I could potentially use this approach with lots of different input data, as long as they have some correlation to crypto prices and therefore some predictive power. Anyway, time to get up to speed on using XGBoost effectively, so naturally I now have a small book on the subject, courtesy of machinelearningmastery, as usual with ML books. I’m sure I play a significant part in keeping the ML publishing industry afloat.

State

I did some reading on the use of dropout layers in RL Agents, and the general consensus is that it’s not such a good idea. So I removed them and ran the study again for 5000 episodes this time just to check for some kind of convergence to a reasonably stable result, but no luck.

This shouldn’t be too surprising really. If significant results could be extracted from a few lagged returns and a few returns over longer time periods then everyone would be doing it. My agent needs more intelligence, in the sense of information. Before I spend much time tuning the algorithm I need to ensure that there is some meaningful information to extract.

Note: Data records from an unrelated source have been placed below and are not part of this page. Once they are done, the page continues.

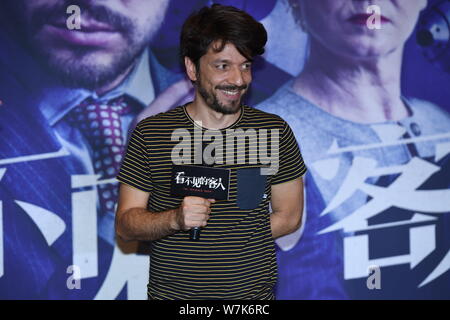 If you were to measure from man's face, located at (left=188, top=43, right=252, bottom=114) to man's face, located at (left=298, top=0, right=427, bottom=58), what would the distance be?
1264 mm

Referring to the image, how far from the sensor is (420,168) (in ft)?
12.3

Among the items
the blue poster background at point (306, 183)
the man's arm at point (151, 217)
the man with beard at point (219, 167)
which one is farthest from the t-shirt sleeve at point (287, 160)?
the blue poster background at point (306, 183)

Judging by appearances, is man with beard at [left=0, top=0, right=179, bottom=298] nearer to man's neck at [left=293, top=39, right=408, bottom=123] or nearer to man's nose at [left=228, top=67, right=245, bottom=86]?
man's neck at [left=293, top=39, right=408, bottom=123]

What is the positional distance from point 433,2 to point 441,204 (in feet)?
4.24

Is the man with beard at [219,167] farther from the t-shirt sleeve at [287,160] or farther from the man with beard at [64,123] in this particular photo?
the man with beard at [64,123]

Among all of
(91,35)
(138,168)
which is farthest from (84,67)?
(138,168)

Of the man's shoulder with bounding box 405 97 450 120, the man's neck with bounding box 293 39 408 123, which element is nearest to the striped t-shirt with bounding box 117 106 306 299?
the man's neck with bounding box 293 39 408 123

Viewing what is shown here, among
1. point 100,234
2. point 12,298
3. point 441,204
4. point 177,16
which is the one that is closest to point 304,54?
point 177,16

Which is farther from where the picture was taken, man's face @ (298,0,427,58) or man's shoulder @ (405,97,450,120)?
man's shoulder @ (405,97,450,120)

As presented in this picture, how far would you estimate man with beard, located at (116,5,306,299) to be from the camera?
2.31 meters

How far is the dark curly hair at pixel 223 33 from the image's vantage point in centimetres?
237

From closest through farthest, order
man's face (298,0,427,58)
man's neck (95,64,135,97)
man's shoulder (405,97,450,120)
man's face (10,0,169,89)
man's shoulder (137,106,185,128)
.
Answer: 1. man's shoulder (137,106,185,128)
2. man's face (10,0,169,89)
3. man's neck (95,64,135,97)
4. man's face (298,0,427,58)
5. man's shoulder (405,97,450,120)

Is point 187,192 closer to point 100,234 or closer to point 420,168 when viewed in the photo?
point 100,234

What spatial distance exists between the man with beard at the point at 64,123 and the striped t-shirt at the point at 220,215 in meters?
0.96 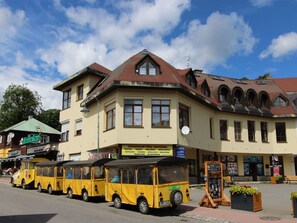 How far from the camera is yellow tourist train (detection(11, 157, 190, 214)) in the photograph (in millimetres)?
13828

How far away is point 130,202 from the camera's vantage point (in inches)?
583

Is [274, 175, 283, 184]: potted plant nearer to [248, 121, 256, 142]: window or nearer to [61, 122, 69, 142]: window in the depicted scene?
[248, 121, 256, 142]: window

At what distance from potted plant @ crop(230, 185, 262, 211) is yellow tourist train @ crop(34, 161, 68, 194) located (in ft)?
40.8

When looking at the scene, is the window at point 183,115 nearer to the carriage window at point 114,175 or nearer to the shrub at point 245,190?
the carriage window at point 114,175

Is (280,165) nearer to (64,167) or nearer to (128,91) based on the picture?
(128,91)

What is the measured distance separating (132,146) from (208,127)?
29.7 ft

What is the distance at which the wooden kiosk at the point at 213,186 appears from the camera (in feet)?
50.8

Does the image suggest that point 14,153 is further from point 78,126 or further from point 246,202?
point 246,202

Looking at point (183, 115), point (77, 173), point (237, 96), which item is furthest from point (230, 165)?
point (77, 173)

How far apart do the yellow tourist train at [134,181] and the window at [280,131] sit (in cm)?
2483

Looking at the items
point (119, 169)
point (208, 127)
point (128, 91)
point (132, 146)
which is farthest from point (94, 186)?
point (208, 127)

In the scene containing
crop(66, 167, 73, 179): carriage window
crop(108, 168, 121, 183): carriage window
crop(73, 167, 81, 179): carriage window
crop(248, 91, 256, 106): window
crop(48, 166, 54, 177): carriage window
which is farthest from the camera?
crop(248, 91, 256, 106): window

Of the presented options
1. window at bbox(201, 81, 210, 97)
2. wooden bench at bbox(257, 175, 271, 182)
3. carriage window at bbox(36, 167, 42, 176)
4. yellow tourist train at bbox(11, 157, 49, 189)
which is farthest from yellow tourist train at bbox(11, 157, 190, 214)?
wooden bench at bbox(257, 175, 271, 182)

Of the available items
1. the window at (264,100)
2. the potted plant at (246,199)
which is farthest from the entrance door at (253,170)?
the potted plant at (246,199) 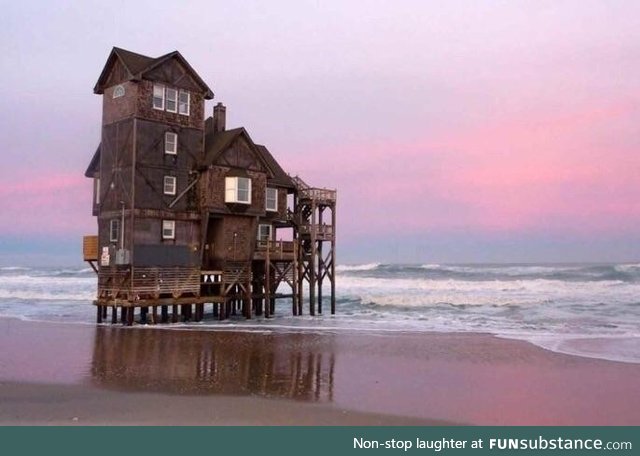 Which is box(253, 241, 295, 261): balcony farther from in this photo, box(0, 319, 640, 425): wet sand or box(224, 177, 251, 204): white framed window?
box(0, 319, 640, 425): wet sand

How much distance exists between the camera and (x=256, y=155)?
1350 inches

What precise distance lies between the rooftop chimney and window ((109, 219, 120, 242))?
873 centimetres

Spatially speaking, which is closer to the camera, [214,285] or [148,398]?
[148,398]

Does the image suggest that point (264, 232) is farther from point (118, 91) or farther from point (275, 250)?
point (118, 91)

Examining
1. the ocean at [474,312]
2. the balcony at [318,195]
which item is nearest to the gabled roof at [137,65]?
the balcony at [318,195]

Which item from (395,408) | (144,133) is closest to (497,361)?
(395,408)

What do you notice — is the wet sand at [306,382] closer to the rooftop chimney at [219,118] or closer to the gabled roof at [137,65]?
the gabled roof at [137,65]

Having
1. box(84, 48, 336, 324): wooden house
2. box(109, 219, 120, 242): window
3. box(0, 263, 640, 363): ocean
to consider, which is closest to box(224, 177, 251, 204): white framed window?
box(84, 48, 336, 324): wooden house

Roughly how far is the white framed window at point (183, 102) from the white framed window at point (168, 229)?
5379 mm

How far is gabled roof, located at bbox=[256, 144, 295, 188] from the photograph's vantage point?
36.9 m

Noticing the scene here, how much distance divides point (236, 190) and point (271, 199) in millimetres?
4266

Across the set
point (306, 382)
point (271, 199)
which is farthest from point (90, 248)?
point (306, 382)

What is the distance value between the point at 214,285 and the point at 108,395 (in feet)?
61.4
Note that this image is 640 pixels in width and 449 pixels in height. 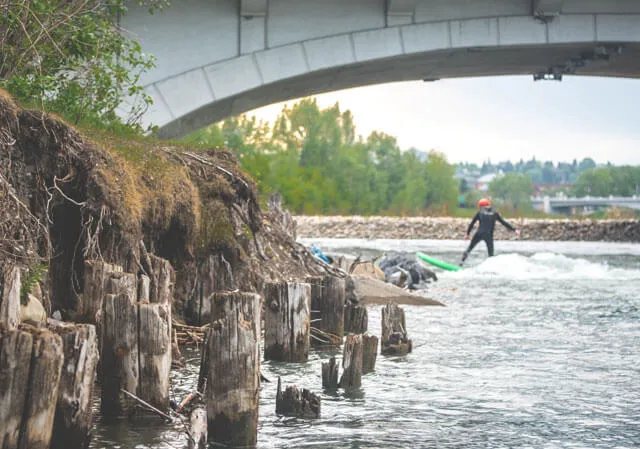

So, time to go back to working on input features, aka state. Apart from data such as other markets and sentiment, I must explore the possibility of using the output of other models as inputs to this one. One possibility is to use an unsupervised learning model to identify different clusters of trading conditions, and use this as input to my RL agent. I even have a course on the use of Unsupervised Learning in Trading. Perhaps it’s time to review it. Would this be a case of ensemble learning? Probably would.

First Pass

This plot shows the A2C algorithm with my largest dataset, aprox 6 years of hourly data for ETHUSDT. If my logic is correct then the rewards are the 30 day returns, so maybe 5% per month, not too shabby. Of course very variable, and probably some overfitting as each 100 episodes runs through the entire dataset a couple of times. Anyway, something to work on.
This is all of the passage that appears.